TrustArc proudly participated at events co-sponsored by the Singapore Personal Data Protection Commission (PDPC) and the global privacy and security think-tank, Centre for Information Policy Leadership (CIPL), on November 15-16 in Singapore.
On topics ranging from certifications and the Asia-Pacific Economic Cooperation (APEC), to regulatory sandboxes, to artificial intelligence, TrustArc was honored to be invited to engage in terrific conversations and workshops with global thought-leaders in the public and private sectors.
Darren Abernethy, TrustArc Senior Counsel, spoke on a panel entitled “The Role of Certifications as Accountability and Compliance Tools.” This session focused on how certifications can serve accountability and compliance functions for organizations by facilitating achievement of a comprehensive privacy and data protection program; providing third party verification; offering oversight and dispute resolution; and, in some cases, supplying government backstop enforcement. There was also consensus that industry-recognized certifications are highly useful in the B2B vendor selection process for risk mitigation; act as a symbol of trust to the C-suite, consumers and partners; and are increasingly relevant in the mergers and acquisitions context.
Before the 200-plus audience members, special attention was given to the APEC Cross Border Privacy Rules (CBPR) and Privacy Recognition for Processors (PRP) Systems, as these certifications meet the above criteria and have taken on new significance for multi-national corporations and small and medium-sized enterprises (SME) alike, with the certification systems’ recent and ongoing adoption in additional APEC member economies (including four of the top six U.S. trading partners), the extension to data processors through the PRP System, and the certification of SMEs. TRUSTe serves as the Accountability Agent for CBPR and PRP certifications in the U.S.
Darren moderated a second panel entitled “The Role of Certifications in Data Transfers and Global Interoperability.” This session focused on interoperability–which in addition to the possibility of mutual recognition, can also encompass scalably leveraging work done towards one certification or compliance framework in service of another–and began with an overview of different global data transfer mechanisms. The latter included discussion of EU binding corporate rules (BCRs), adequacy decisions, the up-to-the-minute status of GDPR certifications, codes of conduct, and the APEC CBPR/PRP Systems.
Discussion points on the panel included the heightened prevalence and significance of the APEC Privacy Framework in free trade agreements; the use of the BCR-CBPR “Referential” to interoperably achieve each transfer mechanism; how governments and regulators can incentivize certification participation; and examples of how regional transfer frameworks are expanding. A common view was that the APEC Systems have a foundational advantage over many others in that they offer an already-established infrastructure for enforceable, accountability-based mechanisms for intra- and inter-company cross-border transfers.
TrustArc also participated in a working session held in the Singapore offices of a leading technology company, wherein the diverse group of industry participants discussed the key features of the concept of a “regulatory sandbox.” This notion may be understood as a supervised safe space for piloting and testing innovative products, services, business models or delivery mechanisms in the real market, using the personal data of real individuals.
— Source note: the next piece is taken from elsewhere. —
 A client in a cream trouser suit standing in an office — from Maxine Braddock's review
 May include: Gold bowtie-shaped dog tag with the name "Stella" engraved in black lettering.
The participants evaluated some of the hypothetical pros, cons and challenges of such an approach.
Lastly, TrustArc took part in an all-day interactive working session on accountable and responsible artificial intelligence, likewise co-sponsored by the Singapore PDPC and CIPL. This engaging series of sessions showcased current AI-related uses by varied companies, with an eye towards how to generate sufficiently robust and inclusive data sets, manage the “training” of such datasets, how best to address the issue of inherent bias and unintended discrimination, and industry approaches to demonstrating accountable and responsible AI in practice–from a regulatory and internal practices standpoint. The sessions were both informative and a great springboard for future developments.